In the aftermath of the 2011 JASNA AGM a few months ago, inspired by a talk given by my friend Joan Strasbaugh (publisher of the very punnily named Jones Books)......
....I wrote a post......
...which laid out the multigenerational Austen family history underlying the multifaceted allusion by Jane Austen in Sense & Sensibility to the real life dispossession of JA (and her parents and sister, too, of course) from Steventon Rectory by JA's brother James and his wife Mary in 1801.
That was part and parcel with my previous repeated echoing and extending of several earlier Austen scholars who had pointed out the obvious allusion to James and Mary Austen's 1801 "home invasion" in Chapter 2 of S&S, the famous "King Lear" allusion in which John & Fanny Dashwood sliced and diced the senior Mr. Dashwood's dying bequest to his wife and three daughters (John's half sisters), Elinor, Marianne, and Margaret.
However, it was only yesterday that I connected the dots between that veiled but nonetheless well-recognized allusion to James & Mary Austen in Chapter 2 of S&S (with the backdrop of the Austen family history detailed in my above linked post), on the one hand, and the veiled allusion to JANE Austen's own(and famous) reaction to being dispossessed from Steventon in Chapter 5 of S&S, on the other:
In a very few weeks from the day which brought Sir John Middleton's first letter to Norland, every thing was so far settled in their future abode as to enable Mrs.

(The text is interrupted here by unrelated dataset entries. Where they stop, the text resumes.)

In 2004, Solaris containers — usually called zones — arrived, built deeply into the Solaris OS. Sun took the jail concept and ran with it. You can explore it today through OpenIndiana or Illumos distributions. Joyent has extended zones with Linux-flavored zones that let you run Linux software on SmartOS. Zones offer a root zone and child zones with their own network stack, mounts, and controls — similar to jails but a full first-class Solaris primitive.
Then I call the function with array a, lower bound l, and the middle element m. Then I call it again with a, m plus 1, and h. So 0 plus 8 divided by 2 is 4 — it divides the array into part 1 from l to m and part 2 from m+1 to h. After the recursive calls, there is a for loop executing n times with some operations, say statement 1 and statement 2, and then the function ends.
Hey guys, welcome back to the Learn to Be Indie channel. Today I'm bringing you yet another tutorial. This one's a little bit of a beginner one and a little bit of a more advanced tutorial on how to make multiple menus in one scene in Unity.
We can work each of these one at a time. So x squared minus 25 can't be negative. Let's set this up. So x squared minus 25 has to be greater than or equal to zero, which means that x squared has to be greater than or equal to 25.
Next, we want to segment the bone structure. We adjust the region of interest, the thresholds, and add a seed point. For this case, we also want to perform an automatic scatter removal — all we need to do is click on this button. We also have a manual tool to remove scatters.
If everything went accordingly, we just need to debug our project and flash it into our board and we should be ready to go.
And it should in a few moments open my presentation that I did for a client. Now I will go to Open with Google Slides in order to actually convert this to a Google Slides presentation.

Dashwood and her daughters to begin their journey.
"Many were the tears shed by them in their last adieus to a place so much beloved. "Dear, dear Norland!" said Marianne, as she wandered alone before the house, on the last evening of their being there; "when shall I cease to regret you!—when learn to feel a home elsewhere!—Oh! happy house, could you know what I suffer in now viewing you from this spot, from whence perhaps I may view you no more!—And you, ye well- known trees!—but you will continue the same.—No leaf will decay because we are removed, nor any branch become motionless although we can observe you no longer!—No; you will continue the same; unconscious of the pleasure or the regret you occasion, and insensible of any change in those who walk under your shade!—But who will remain to enjoy you?" "

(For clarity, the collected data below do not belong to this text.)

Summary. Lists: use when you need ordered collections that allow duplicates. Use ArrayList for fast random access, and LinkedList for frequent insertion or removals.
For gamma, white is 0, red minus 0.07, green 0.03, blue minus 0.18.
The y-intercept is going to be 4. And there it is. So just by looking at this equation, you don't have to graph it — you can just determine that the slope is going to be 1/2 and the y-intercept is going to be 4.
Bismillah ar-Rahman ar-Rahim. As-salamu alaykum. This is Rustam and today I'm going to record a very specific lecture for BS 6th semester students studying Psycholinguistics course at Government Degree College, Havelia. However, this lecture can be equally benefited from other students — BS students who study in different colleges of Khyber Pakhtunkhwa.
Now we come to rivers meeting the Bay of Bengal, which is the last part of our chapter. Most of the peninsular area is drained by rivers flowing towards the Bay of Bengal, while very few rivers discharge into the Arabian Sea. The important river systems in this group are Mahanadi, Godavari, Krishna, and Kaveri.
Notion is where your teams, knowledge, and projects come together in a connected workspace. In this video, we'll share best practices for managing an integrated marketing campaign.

When I say well-recognized, I really mean it, as the printed identification of this latter autobiographical allusion dates back to the unpublished Austen family history written by Anna Austen's daughter Fanny Caroline Lefroy in the mid-19th century, and also to the 1913 Austen bio by the Austen-Leighs.
Kathryn Sutherland writes at length and insightfully about this history of allusion-identification at ppg. 89-94 of her 2005 book JA's Textual Lives, but Sutherland never connected the dots between it and the Chapter 2 "King Lear" allusion.
When taken together, these two integrally related parts of the same allusion to real life, constitute an irrefutable and overwhelming argument that Jane Austen made this veiled allusion to brother James and his wife the emotional centerpiece of her FIRST published novel. As I have said before, the "MAD" Jane Austen of April 1809, the one who had been effectively silenced for 34 years, by being denied publication of her fiction, finally gets the opportunity to vent (no, scream) her rage publicly, albeit in a veiled fashion, and look at what we get: a damning portrait of James & Mary Austen, hypocritical, selfish villains, and their victims, the righteous passionate Marianne Daskwood (aka Jane Austen) and the conflict-avoidant, almost masochistic Elinor (aka Cassandra Austen).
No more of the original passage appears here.